Bij alle patiënten die in een eenpersoonskamer verblijven, mogen, ongeacht hun status, kamersupplementen worden aangerekend onder voorbehoud van bepaalde bijzondere situaties zoals de onbeschikbaarheid van een gemeenschappelijke kamer of een tweepersoonskamer. 

Het staat dus elk ziekenhuis vrij de supplementen voor een eenpersoonskamer vast te stellen en zelfs te voorzien in verschillende bedragen op basis van bijvoorbeeld de comfortgraad van de eenpersoonskamer. Het ziekenhuis is echter verplicht de bedragen van die supplementen te vermelden op de opnameverklaring. 

Wat meer bepaald de bijkomende honoraria betreft, vestig ik uw aandacht op het feit dat het ziekenhuis verplicht is om, naast het kamersupplement, voortaan ook op het opnameformulier de maximale bijkomende artsenhonoraria te vermelden die per kamertype mogen worden gefactureerd. Dat supplement mag worden uitgedrukt in euro en/of in percentage ten opzichte van het tarief dat in het nationaal akkoord artsen – ziekenfondsen is vastgesteld. 

De aanbeveling om een invorderbaar maximum van de bijkomende honoraria vast te stellen, is uiteraard lovenswaardig op zich, maar een dergelijk initiatief moet absoluut gepaard gaan met een raadpleging van de actoren op het terrein. Zo bepaalt het nieuwe nationaal akkoord artsen – ziekenfondsen 2012 dat indien tijdens de periode van het akkoord er wets- of verordeningsbepalingen tot wijziging van de bestaande wetgeving inzake bijkomende honoraria in werking treden, voor de artsen die tot dat akkoord zijn toegetreden de mogelijkheid bestaat om uit het akkoord te stappen. Een dergelijke eventualiteit zal dan tariefonzekerheid kunnen creëren die nog meer uitgesproken zal zijn voor de patiënten. 
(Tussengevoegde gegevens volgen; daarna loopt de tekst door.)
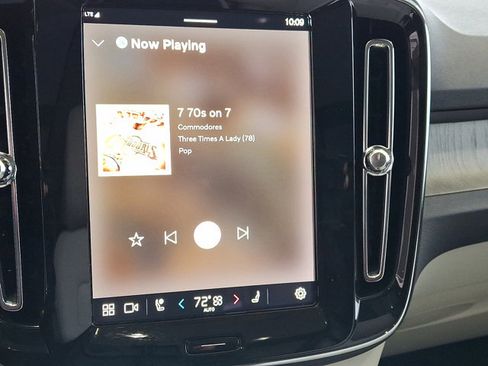 Used 2025 Volvo XC40 B5 Ultra w/ Climate Package image 18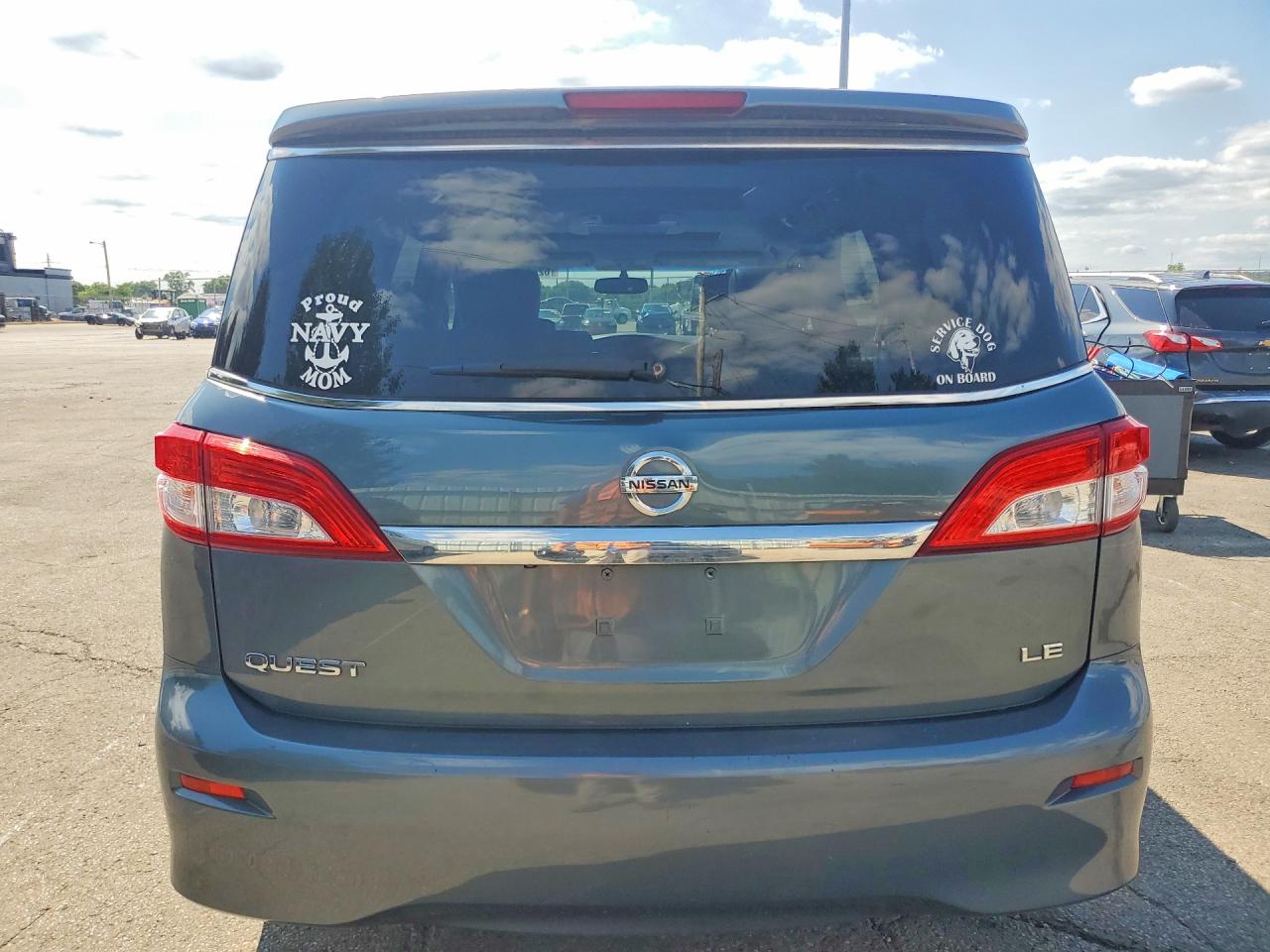 2012 NISSAN QUEST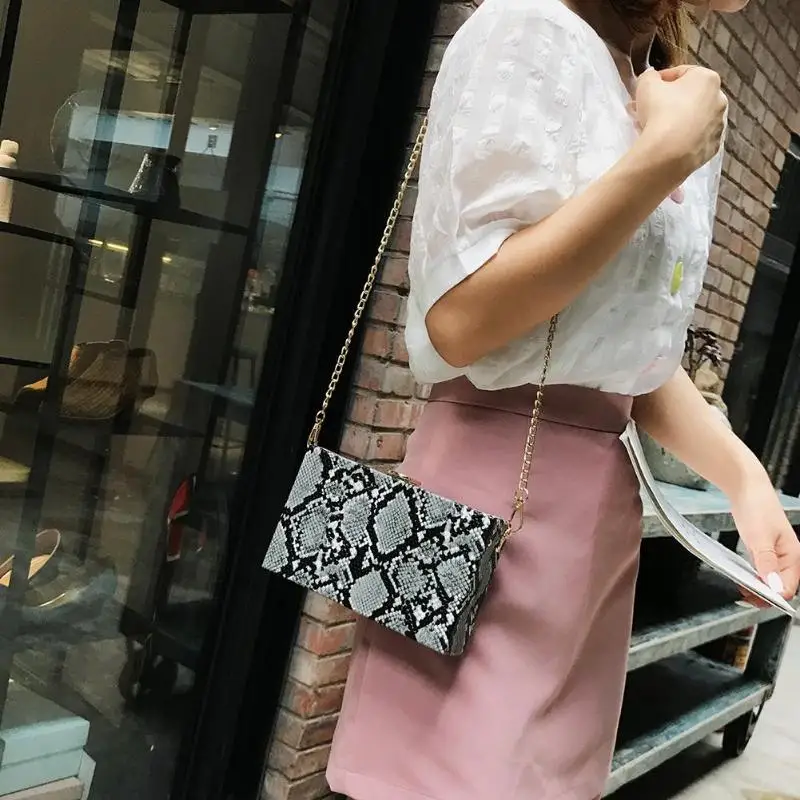 

Snake Print Shoulder Handbags Leather Women Chain Box Bags Crossbody Packs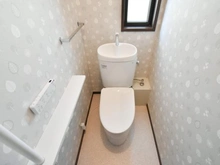 【神奈川県/横浜市鶴見区上の宮】横浜市鶴見区上の宮2丁目　中古戸建 トイレ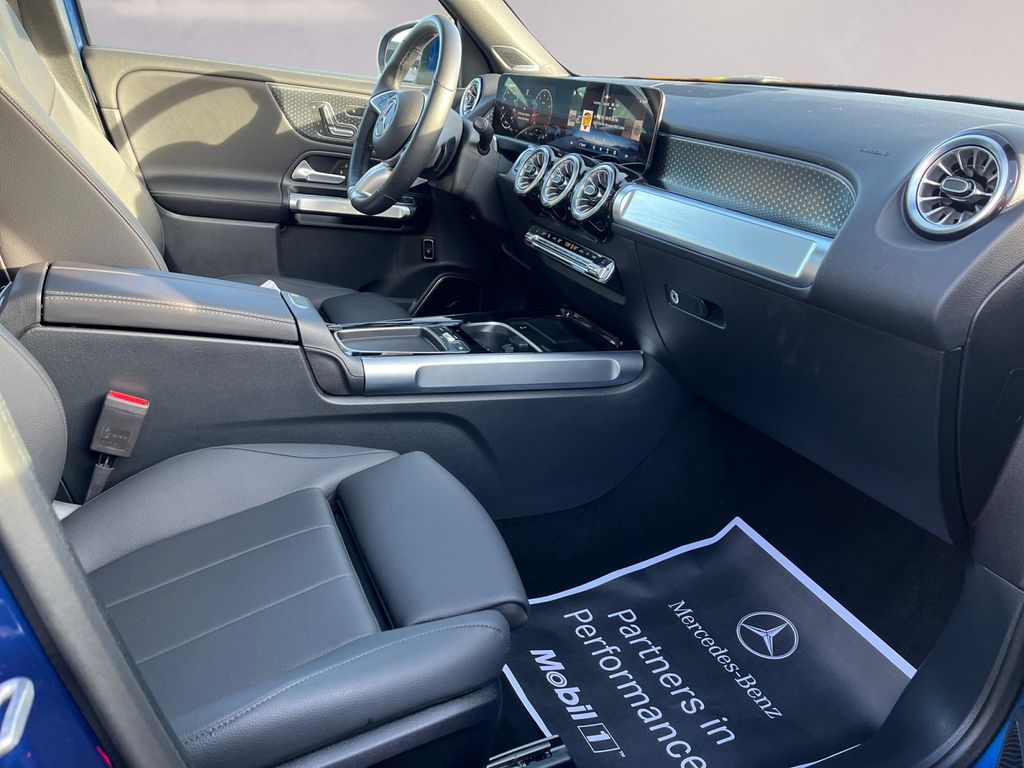 2025 Mercedes-Benz GLB Base - Photo 15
Wat de informatie over de tarieven voor de ambulante verstrekkingen betreft die aan de patiënt moet worden meegedeeld, moet eraan worden herinnerd dat aan de volledig of gedeeltelijk geconventioneerde artsen daadwerkelijk wordt gevraagd de tarieven in de wachtzaal van hun praktijk duidelijk uit te hangen, op een plaats die goed zichtbaar is voor de patiënten. In die informatie moet worden meegedeeld dat ze tot het akkoord zijn toegetreden, alsook op welke raadplegingsdagen en -uren de tarieven van het akkoord van toepassing zijn en op welke niet. Wettelijk bestaat er echter nog geen expliciet sanctiemechanisme in geval van het niet-nakomen van die voorwaarde van de toetreding tot het akkoord, zoals bepaald is in artikel 73, paragraaf 1 van de wet betreffende de verplichte verzekering voor geneeskundige verzorging en uitkeringen gecoördineerd op 14 juli 1994. 

De deontologische code bepaalt van zijn kant dat geen enkele arts de zieke of zijn vertegenwoordigers toelichting mag weigeren over het bedrag van zijn honoraria, terwijl de Orde van geneesheren er ook heeft op aangedrongen om de patiënt behoorlijk te informeren over het bedrag van eventuele bijkomende honoraria. 

In het nationaal akkoord artsen - ziekenfondsen 2011 was wel degelijk de wens opgenomen dat een overleg zou worden opgestart en dat passende maatregelen zouden worden voorbereid betreffende de transparantie van de informatie over de verschuldigde bedragen die de patiënten ten laste worden gelegd, zowel de in een ziekenhuis opgenomen patiënten als de ambulante patiënten. 

Die reflectie is gestart in een werkgroep bij het Rijksinstituut voor ziekte- en invaliditeitsverzekering (RIZIV), in samenwerking met de vertegenwoordigers van de verzekeringsinstellingen. De voorstellen tot oplossing die daaruit zullen voortkomen, zullen vervolgens worden voorgelegd aan de zorgverleners (niet alleen aan de artsen), opdat duidelijke regels ter zake kunnen worden opgesteld. 

Ten slotte wil ik u nog meegeven dat de Ministerraad onlangs een ontwerp van wet houdende diverse bepalingen inzake toegankelijkheid van de gezondheidszorg heeft goedgekeurd dat er onder meer toe strekt alle ereloonsupplementen in een gemeenschappelijke kamer of in een tweepersoonskamer te verbieden. Deze maatregel was al van kracht voor de geconventioneerde artsen, maar het ontwerp voorziet erin dat het voortaan ook op de niet-geconventioneerde artsen zal worden toegepast.